Figure 3 shows the TG/DTG of PNBAM. As shown in Figure 3, the thermal decomposition process of PNBAM can be divided into three stages. The first stage occurred between 30 °C and 200 °C. At this stage, the weight loss of the sample was 0.61%. PNBAM contains hydrophilic groups, resulting in a certain amount of adsorbed and bound water in the outer layer of the molecule, which is first evaporated during the warming process [36,37,39]. The second stage occurred between 200 and 340 °C. This stage decomposed fastest at 310 °C. At this stage, part of the PNBAM structure decomposed. According to the literature analysis, the side chain structure decomposed at this stage is believed to be a butyl ester side chain [40,41].
The third stage occurred between 340 and 450 °C, where PNBAM started to decompose heavily and rapidly around 340 °C, reaching the fastest decomposition rate at 410 °C. This phenomenon indicated that the internal structure of the polymer molecule has been damaged and that the C–C backbone of PNBAM started to decompose [36,37,39]. In summary, the initial thermal decomposition temperature of PNBAM was 200 °C, and the weight loss at 310 °C was only 9.23%, indicating the high structural stability and good thermal stability of PNBAM.

2.2. Performance of PNBAM

2.2.1. Rheological Performance of PNBAM

Figure 4 and Table 1 show the rheological curves and parameter ratios of different BFs with temperature. As can be seen from Figure 5 and Table 2, in BF: AV4°C:AV25°C = 2.23, AV4°C:AV65°C = 4.75; in BF + 0.2 wt% XC: AV4°C:AV25°C = 1.72, AV4°C:AV65°C = 3.31, in BF + 0.2 wt% PNABAM: AV4°C:AV25°C = 1.35, AV4°C:AV65°C = 2.25. Both additives have a certain tackifying effect at low temperatures, with XC having a weaker tackifying side effect at low temperatures.
The amide group of PNBAM adsorbs to the clay at low temperatures, leading to an increase in low temperature viscosity [21,22,42]. The multi-hydroxyl group of XC interacts with water molecules to form a three-dimensional hydrated network structure, which has a much weaker effect on the clay [21]. As the temperature rises, the viscosity of BF decreases, at which point PNBAM has a stronger tackifying effect on BF than XC, reaching a stronger tackifying effect after LCST and a higher AV lift of up to 200% on the base slurry (50% for XC).
As can be seen from Figure 4 and Table 1, In BF: PV4°C:PV25°C = 2.14, PV4°C:PV65°C = 5.00; in BF + 0.2 wt% XC: PV4°C:PV25°C = 1.77, PV4°C:PV65°C = 3.20; in BF + 0.2 wt% PNABAM: PV4°C:PV25°C = 1.22, PV4°C:AV65°C = 2.44. In terms of regulating the PV of the BF of the two drilling fluid additives, XC has a weaker tackifying side effect at low temperatures (4 °C).
PNBAM still shows better performance as the temperature increases, with a PV increase of >100% (XC less than 50%). Analysis of the molecular thermodynamic motion and the associated drilling fluid rheology suggests that both drilling fluid additives inevitably have a negative effect of tackifying effect at low temperatures. The ratio of yield value parameters for BF is YP4°C:YP65°C = 4.00, for BF + 0.2 wt% PNBAM is YP4°C:YP65°C = 1.67, and for BF + 0.2 wt% XC is YP4°C:YP65°C = 3.67. As the temperature increases, PNBAM has a significantly better tackifying effect than XC, and PNBAM still has an increase in tackifying effect after LCST.

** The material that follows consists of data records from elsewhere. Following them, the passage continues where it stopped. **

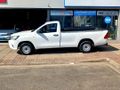 2018 Toyota Hilux 2.4 GD Single-Cab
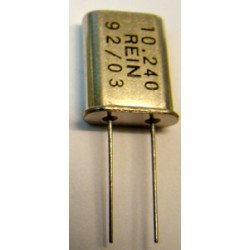 Schukat QM010.24 KRISTAL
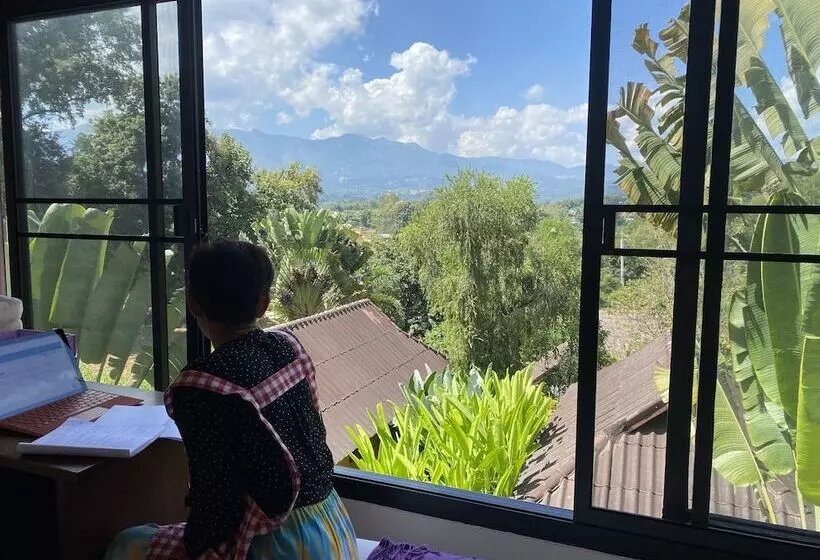 Fotos del hotel Pura Vida Pai Resort:  4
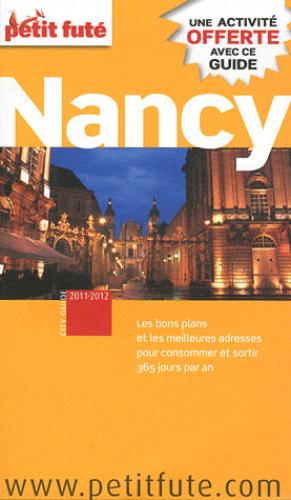 Nancy : 2011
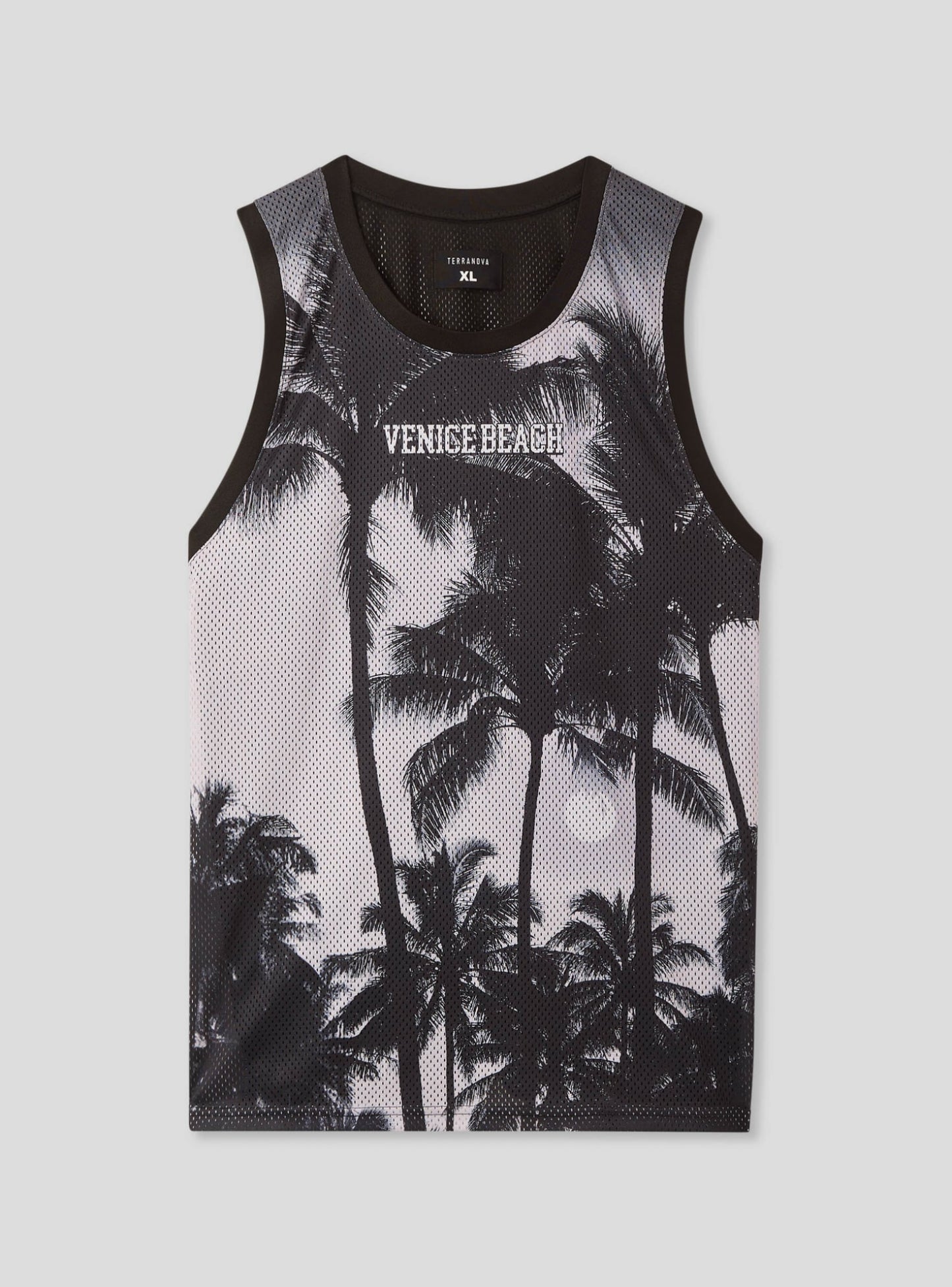 Man Top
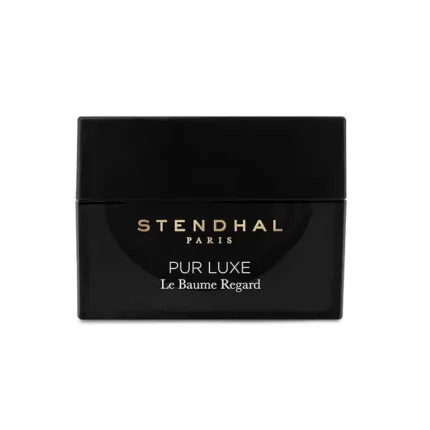 Stendhal Pure Luxe le Baume Eye Balm Anti-aging & Firming Cream Eyes 10ml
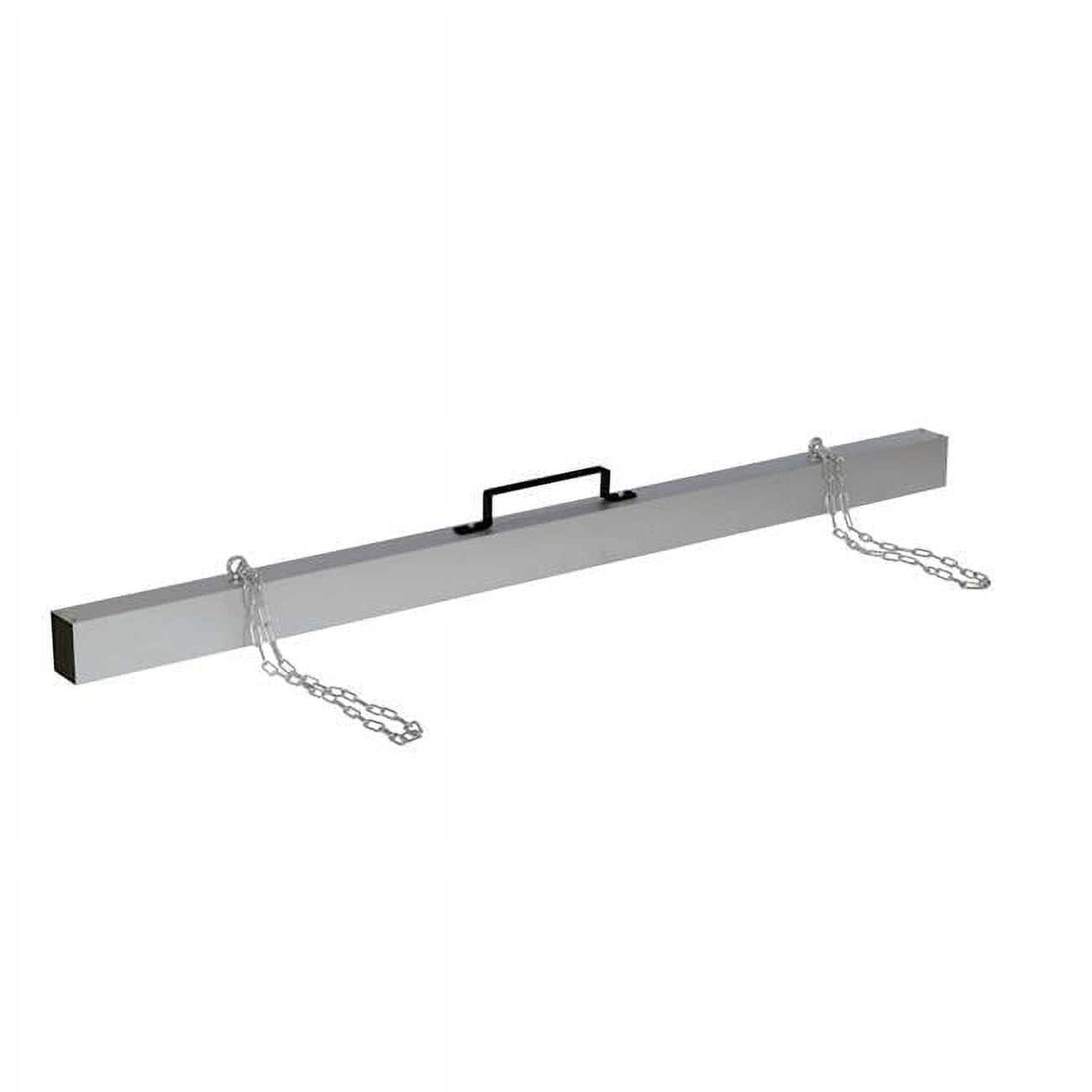 72 in. Chain Hang Type Heavy Duty Magnet Sweeper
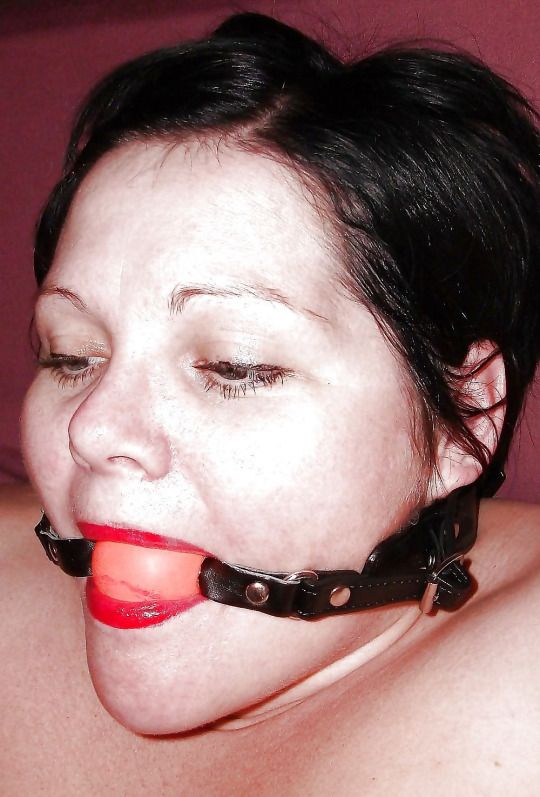 Worship the Gag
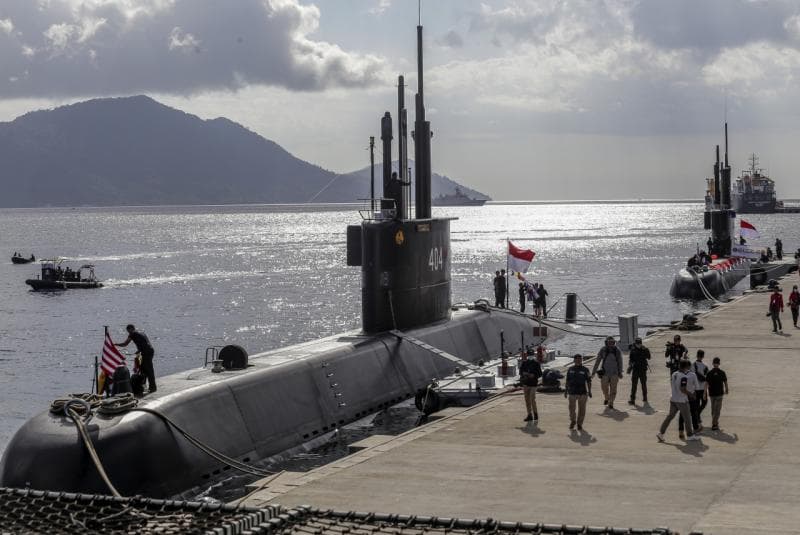 Sedang Dibutuhkan, Begini Cara Daftar Personel Komcad di Kapal Perang TNI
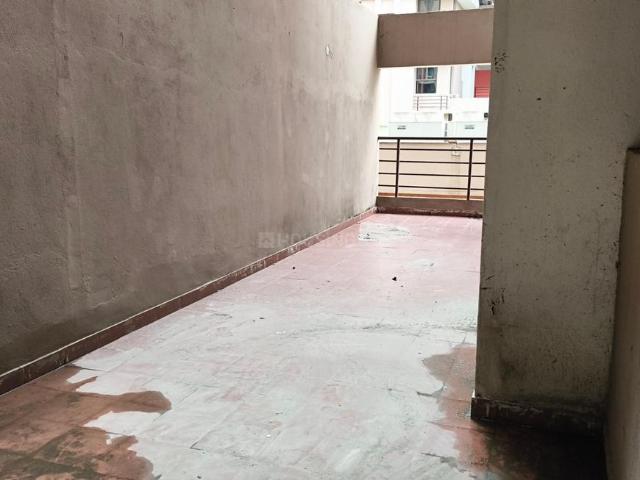 4 BHK Apartment in New Town for resale Kolkata. The reference number is 19247668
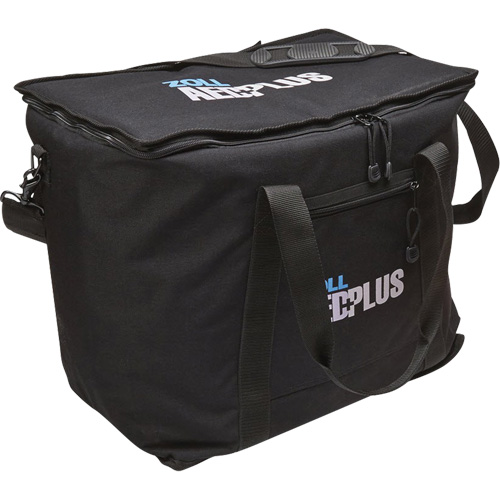 AED Demo Kit Carry Bag, Zoll AED Plus&reg; For, Non-Medical Cam Industrial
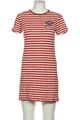 Superdry Kleid Damen Dress Damenkleid Gr. EU 36 Rot #32l6vy2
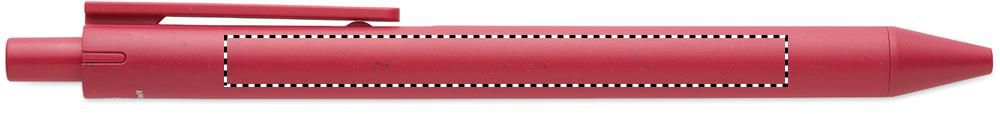 Veredelungsposition BARREL LEFT HANDED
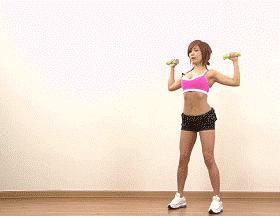 手臂松弛显胖又显老,手臂松弛显老怎么办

2.2.2. Temperature Resistance Analysis

Figure 5 shows the performance of AV, PV, YP, and API filtration for BF + 0.2 wt% PNBAM after ageing at different temperatures. As can be seen from Figure 6, AV changes from 22.5 to 14.5 mPa·s at an ageing temperature of 90 to 180 °C, PV changes from 19 to 11 mPa·s at an ageing temperature of 90 to 180 °C, YP changes from 3.5 to 3 Pa at an ageing temperature of 90 to 150 °C. With increasing ageing temperature, the values of AV, PV, and YP parameters of the aged BF with the addition of PNBAM gradually decrease. However, all are higher than the pre-ageing.
The API filtration of BF + 0.2 wt% PNBAM after different aging was 10.8 mL (90 °C), 9.6 mL (120 °C), 15.2 mL (150 °C), and 26 mL (180 °C), while the API filtration before ageing was 14.4 mL. The API filtration of the BF after ageing at 90 °C, 120 °C, and 150 °C decreased or increased slightly compared to before ageing. However, after ageing at 180 °C, the API filtration of the BF showed a substantial increase.
The reasons for the reduction of API filtration are the amide groups in the PNBAM molecular chain can be adsorbed on the clay surface to form a dense film structure [37,39]. This situation can effectively improve the quality of the mud cake and reduce API filtration [37,39]. At the same time, after the introduction of hydrophobic groups, PNBAM still has hydrophobic links between the molecular chains before its LCST.
The molecular chains are entangled with each other and form a network structure, which has a better effect of tackifying effect and reduces API filtration [37,39]. The viscosity of the BF after ageing at 180 °C is essentially similar to that before ageing, and the API filtration after ageing is substantially higher at this point, indicating complete polymer breakdown failure at this point. After aging at 150 °C, the BF with PNBAM has suitable viscosity and API filtration, indicating that PNBAM is resistant to high temperatures at 150 °C.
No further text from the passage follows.